Awesome Autumn: Orcas and Humpback Whales enjoy the island fall weather with us

Humpback Whale

[Naturalist Erick, Friday 10/27/17, M/V Sea Lion, 12:00]

All of western Washington’s coastline has jumped headlong into fall this week. We have been basking in the warm autumn sunshine and cool fall breezes that mark some of the best days for wildlife watching in San Juan Islands.

Migration Station

On Friday, we started our adventure by traveling north. Autumn means southward migration for both birds and some whale species. The past few weeks we have been seeing Humpback Whales frequently in the deeper straits surrounding our archipelago and we thought we may be able to find them this day. The Salish Sea is one of the last quiet pitstops these giants make before spending weeks in open water as they head towards various breeding areas down south in warmer waters. We and the great folks aboard M/V Sea Lion searched in Spieden Channel and then in the northern parts of Haro Strait. Off in the distance we spotted what appeared to be a singular Humpback Whale blow! It was right off the shore of Henry Island and headed towards us. We slowly approached and soon found that we were wrong, it was an Orca!

Lone Transient Orca, Uncommon but not strange

This is pretty rare but also completely normal. Transient Orcas (the ecotype of orca that live in the North Pacific and feed on marine mammals) usually travel in family groupings (pods) like all orcas but occasionally we come across lone, male orcas. This male, T049C, has been spotted many times in past few months around the islands. These lone males usually will travel for long periods of time by themselves being entirely self-sufficient and will intermittently travel and hunt with another family in order to be more successful in hunting and more importantly to mate. We watched this adult male orca travel from Battleship Island to Spieden Island. He was taking longer more majestic dives that made every time he surfaced that much more spectacular.

Family time: the T002C Transient Orca pod

We left him to it and headed west to search for some other cetaceans! Out in the middle of Haro Strait we found a whole group of orcas. These were also Transient Orcas (mammal-eating) and a whole family of them! These orcas were the T002C’s. This is a family of 4 orcas and like all orca families it is lead by a matriarch, T002C herself, and the other three members are her offspring. T002C1 is a 15-year-old male who is sprouting. “Sprouting” is the male orca equivalent of puberty, and he will be full grown around 21 years old. T002C2 is 12 years old and pretty unique in the Orca world. He is pretty small for his size and has scoliosis. Footage and photos taken of him from above show a severely twisted spine. He can’t swim as fast as his family members and is often excluded from hunts, but all his family members have worked hard to keep him alive. This behavior is pretty uncommon in most species and perhaps speaks to the intelligence of orcas and the ease at which they can find food and outwit any potential threats. The final member of the family is T002C3, and is only 6 years old. This is still pretty young for an orca but it is growing fast and is already helping a little with her brother and hunting. We watched this family zig-zag through Haro Strait for a while before we decided to take a tour around some of the other islands.
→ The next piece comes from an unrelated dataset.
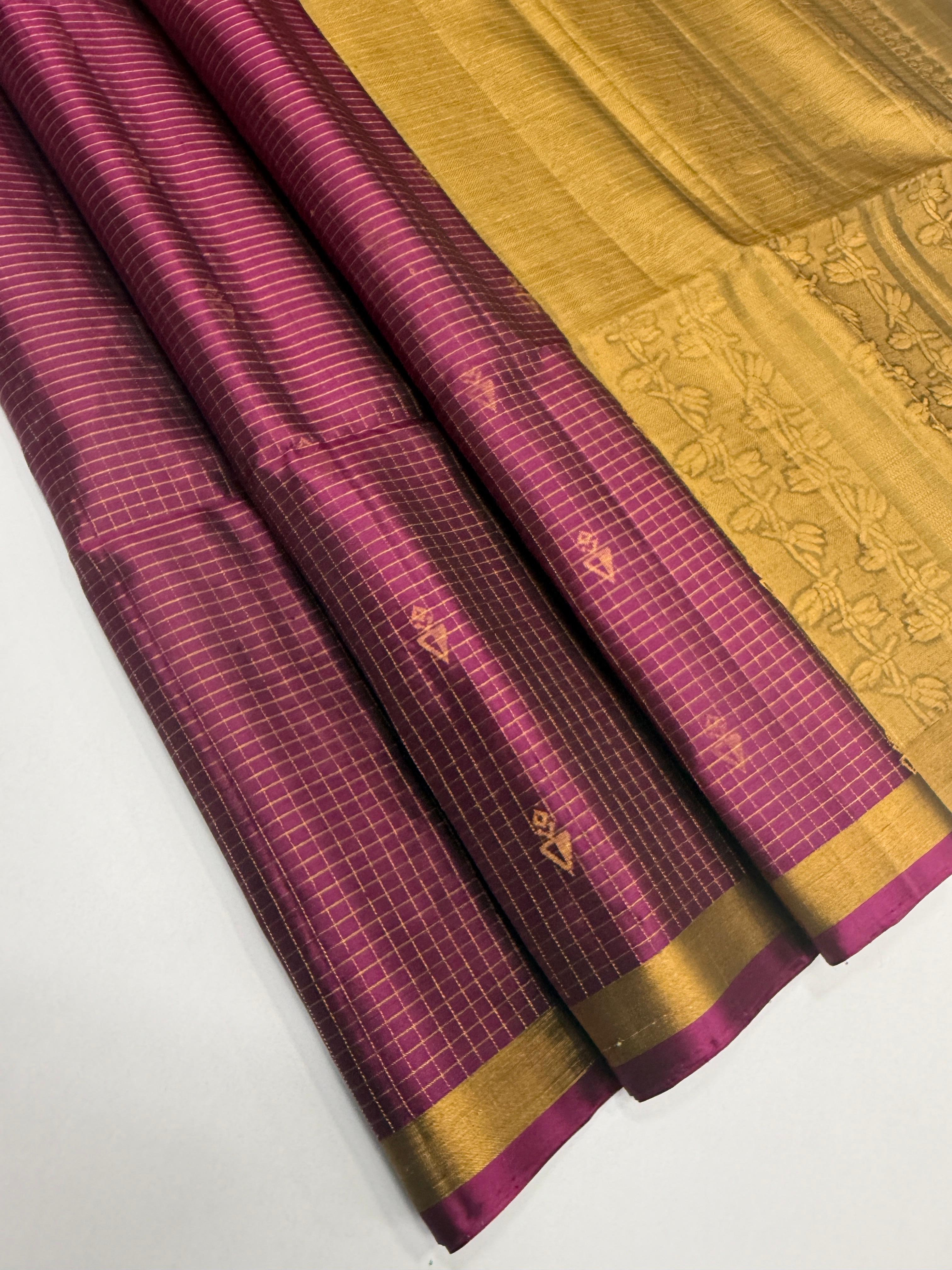 VSF1232 - purple color body , beige color pallu,blouse - Pure silk saree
We went and looked at the cliffs on Stuart Island and then passed through the skinny channel of Johns Pass. We next stopped at Spieden Island to see a few perched Bald Eagles. Spieden Island hosts several mated pairs of Bald Eagles that spend their whole year there. After we watched a few of them fly off we continued down the forested coastline of the northern side of Spieden Island and saw a bunch of Harbor Seals. Some were resting on the sunny rocks, trying to do their best impressions of large, blubbery logs, while there were a bunch of younger seals playing in the waters right next to shore.

Humpback Whales

We started to head back towards Friday Harbor, but soon we saw some more blows! It was two Humpback Whales swimming next to Limestone Point on San Juan Island. This was the type of whale were originally set out to find and here they were. Both were slowly travelling south and going on feeding dives. These deeper dives bring their flukes up in a slow yet dramatic fashion. I don’t know what it is a bout it, but out of all the cool things marine mammals do for some reason seeing Humpback Whales fluke up takes everyone’s breaths away.

One more thing

After seeing all of that, we even took some time to stop and watch a Steller Sea Lion tearing apart of fish. These big pinnipeds spend their winters here and this one had just caught a large fish. Since they lack thumbs and table manners they eat their food by slinging it from side to side until small strips come off that are easier to eat. It is pretty hilarious to watch and the seagulls seem to enjoy it too.


Whale folks, I don’t think we could have fit much more into that day.